Book traversal links for Chapter Five Maintaining Holiness
The Unrepentant Man (1 Corinthians 5:1-5)
As we have previously noted, in the church at Corinth there were some problems that needed to be handled, and Paul confronted them in his letter. Dealing in chapter 5 with a particularly difficult situation, he wrote: “It is reported commonly that there is fornication among you.” This was not merely a matter of some individual’s gossip; it was widely known. Getting more specific, the apostle said in effect, “You are tolerating one of the vilest forms of immorality; even the heathen Gentiles would disapprove. One of your members has actually taken his father’s wife [not of course his mother, but his stepmother] as his own wife.
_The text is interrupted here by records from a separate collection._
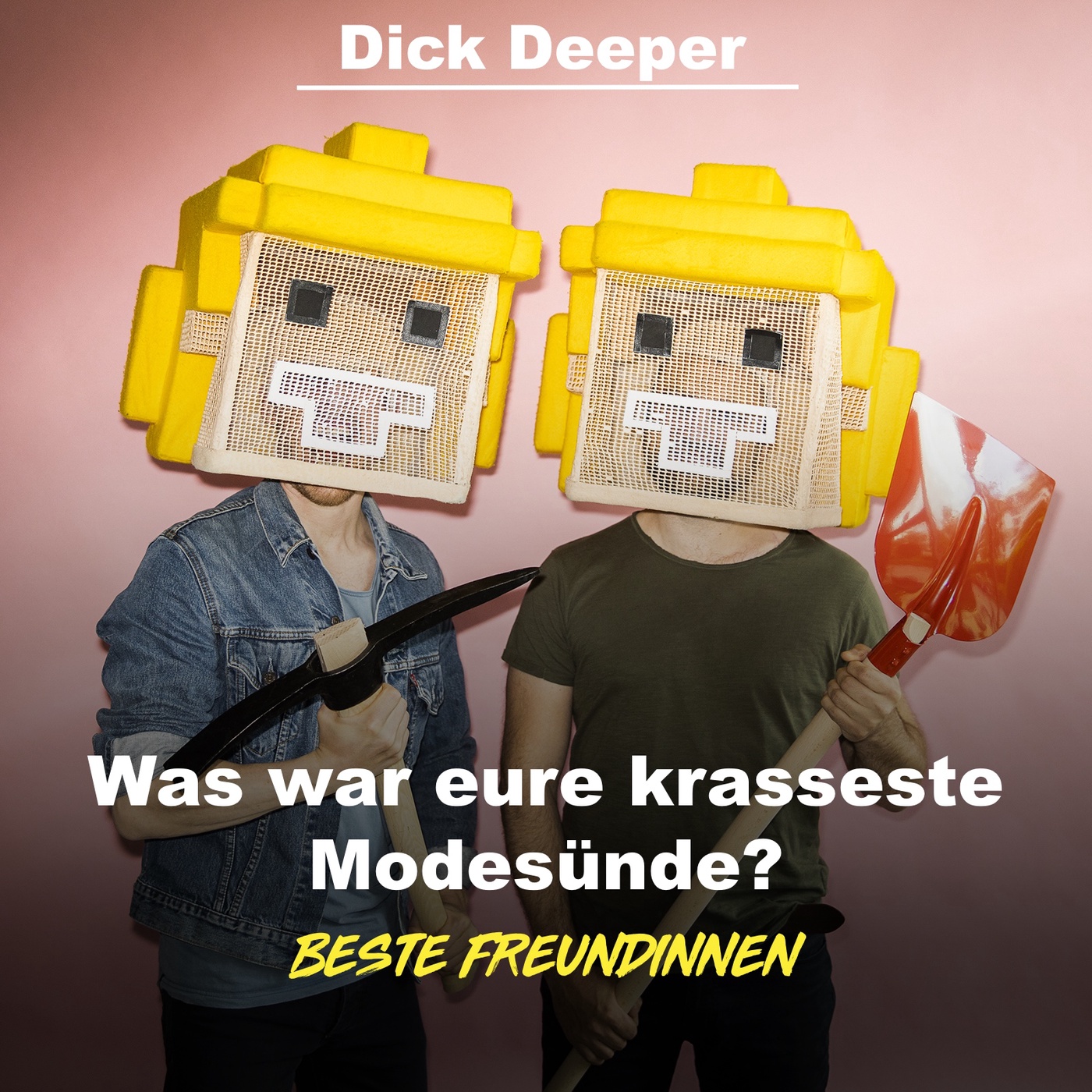 DICK DEEPER - Was war eure krasseste Modesünde?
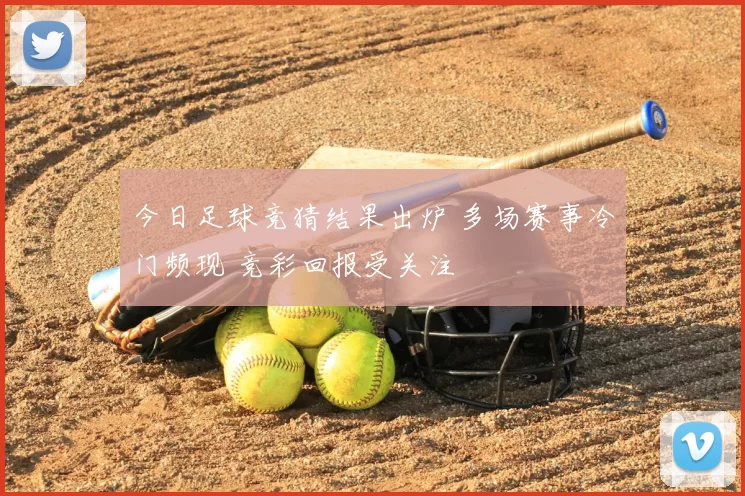 今日足球竞猜结果出炉 多场赛事冷门频现 竞彩回报受关注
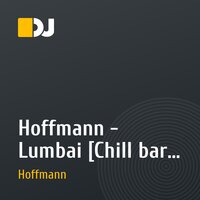 Hoffmann - Lumbai [Chill bar mix]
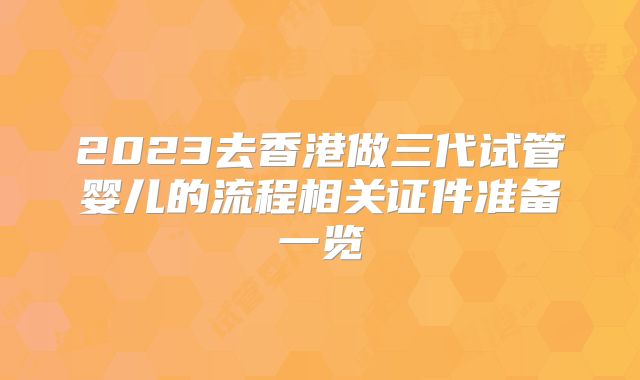 2023去香港做三代试管婴儿的流程相关证件准备一览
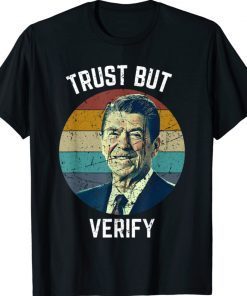 Trust But Verify Ronald Reagan Vintage Shirt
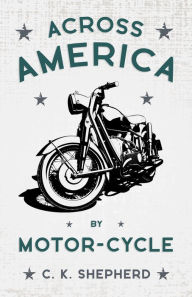 Title: Across America by Motor-Cycle, Author: C. K. Shepherd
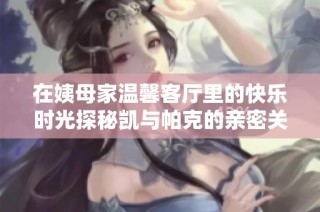 在姨母家温馨客厅里的快乐时光探秘凯与帕克的亲密关系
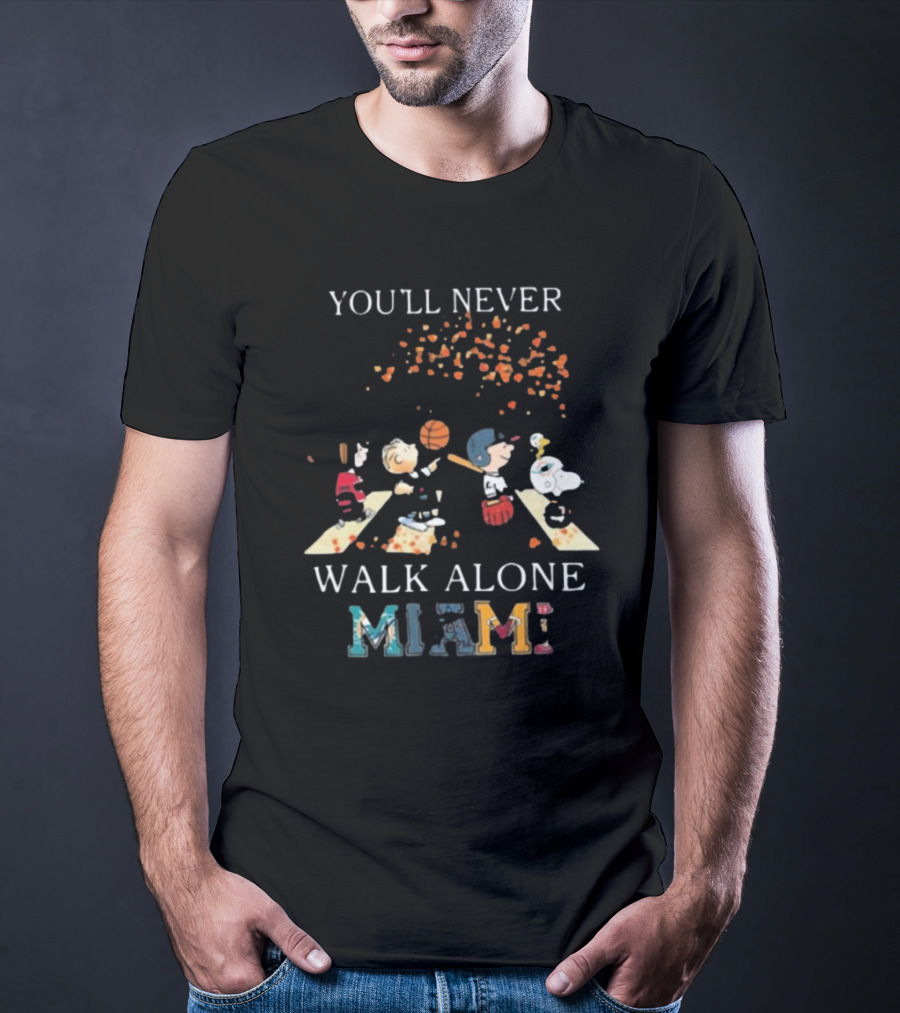 You'll Never Walk Alone Peanuts Miami Sports Team T-Shirt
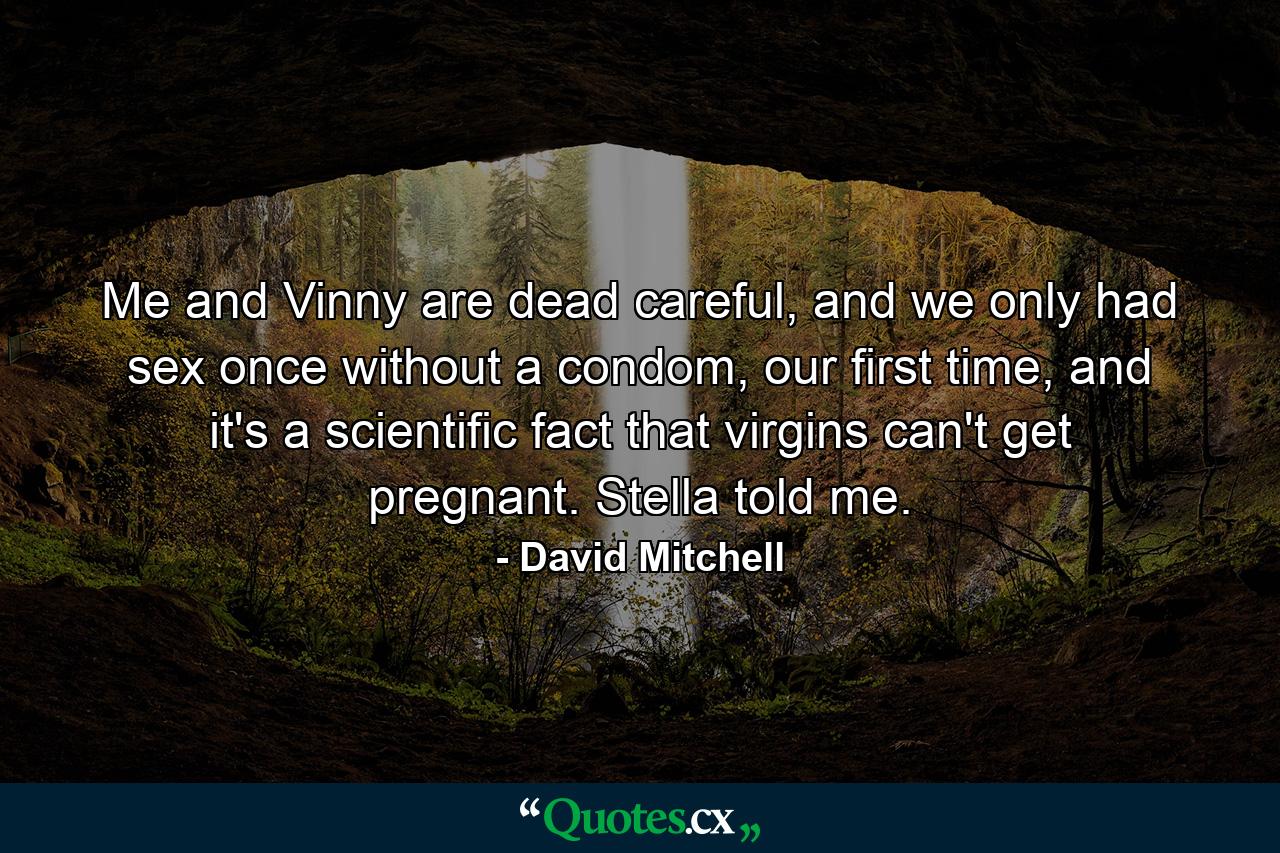 Me and Vinny are dead careful, and we only had sex once without a condom, our first time, and it's a scientific fact that virgins can't get pregnant. Stella told me. - Quote by David Mitchell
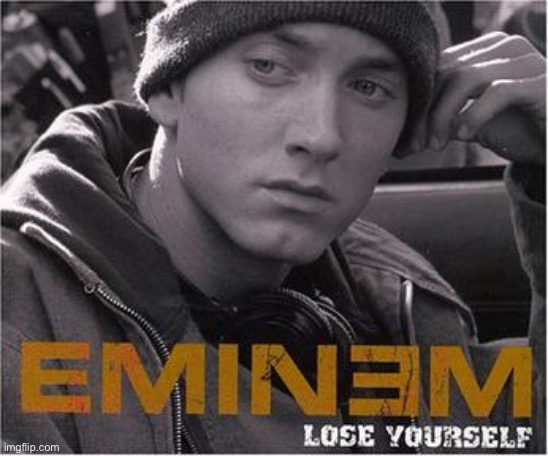 image tagged in eminem | made w/ Imgflip meme maker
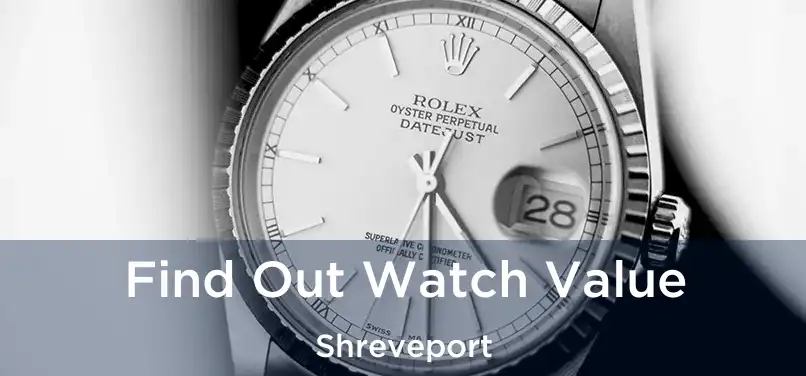 Find Out Watch Value Shreveport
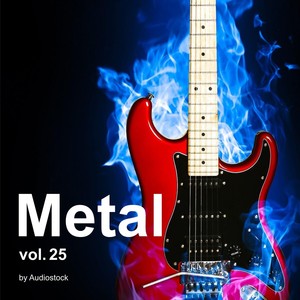 Metal, Vol. 25 -Instrumental BGM- by Audiostock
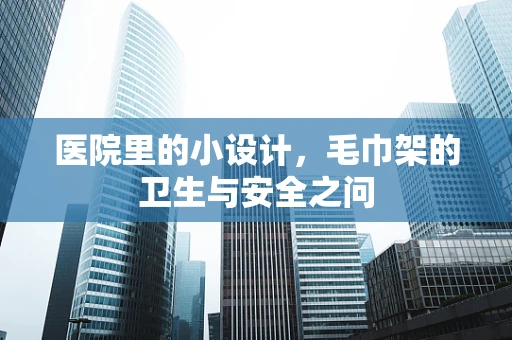 医院里的小设计，毛巾架的卫生与安全之问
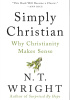 Okładka książki Simply Christian: Why Christianity Makes Sense Nicholas Thomas Wright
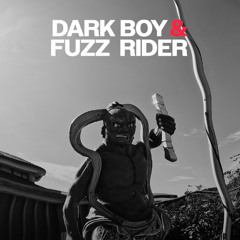 Dark Boy & Fuzz Rider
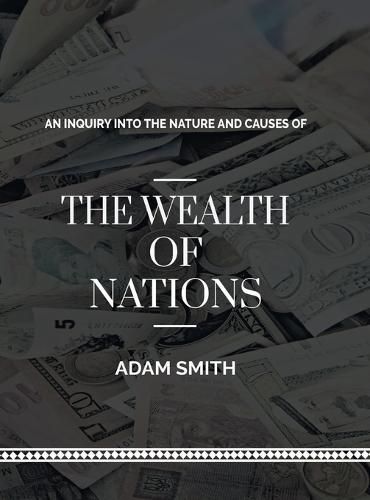 Cover image for An Inquiry into The Natures and Causes of The Wealth of Nations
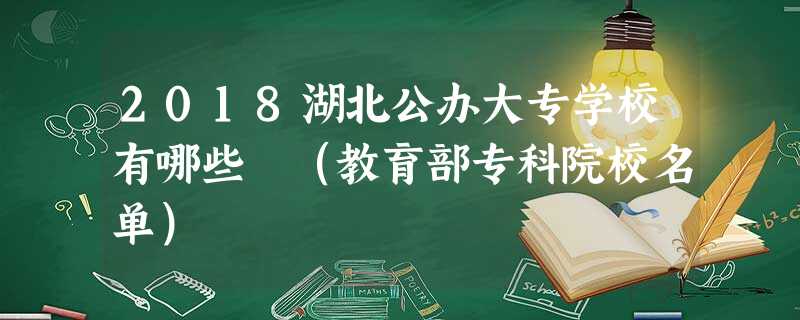 2018湖北公办大专学校有哪些 (教育部专科院校名单) 2018湖北公办大专学校有哪些 (教育部专科院校名单)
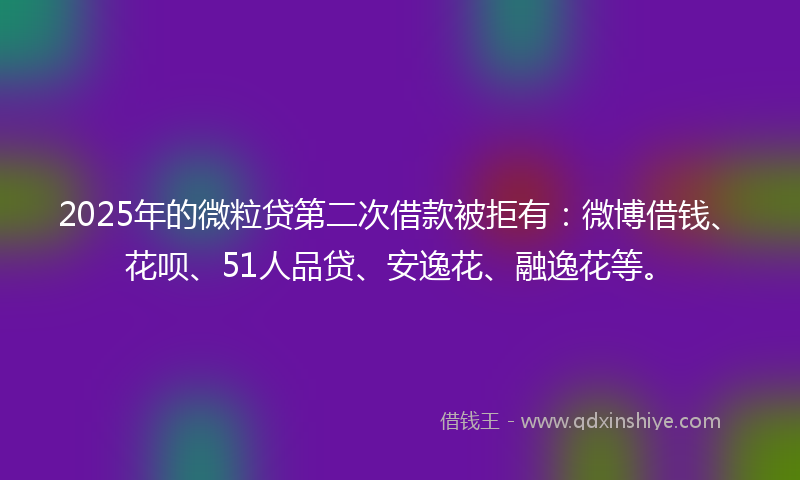 2025年的微粒贷第二次借款被拒有：微博借钱、花呗、51人品贷、安逸花、融逸花等。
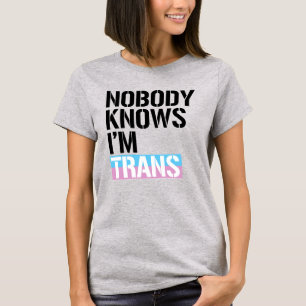 T-shirt Personne ne sait que je suis Trans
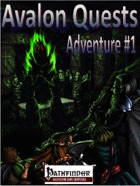 Avalon Quests, Adventure #1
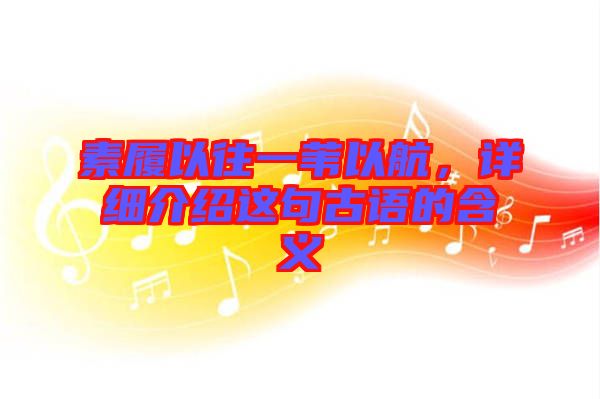 素履以往一葦以航，詳細介紹這句古語的含義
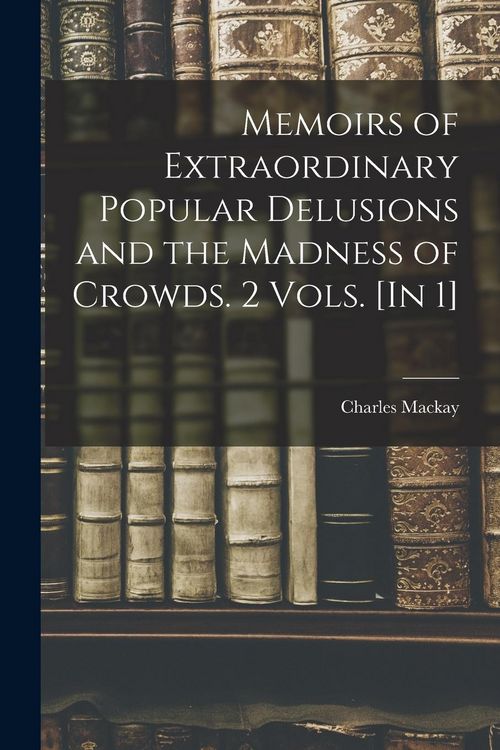 Produktbild: Memoirs of Extraordinary Popular Delusions and the Madness of Crowds. 2 Vols. [In 1]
This is an abomination in the sight of God, but you have not recognized the wickedness of it. Rather you have prided yourselves on the broad-mindedness that enabled you to function while a thing like that was going on. You are puffed up when you ought to be brokenhearted.”
Even if the Corinthians felt that they did not know how to handle such a situation, they could have been down on their knees, crying to God to intervene, and He would have taken the wicked man out from among them. But they had not mourned, the problem had persisted, and the evil report had reached Paul. Therefore, as the representative of the Lord Jesus Christ, he was going to tell them how to deal with the matter, and in so doing he was giving instruction concerning the handling of similar questions that would come up in the future, down through all the centuries of this dispensation.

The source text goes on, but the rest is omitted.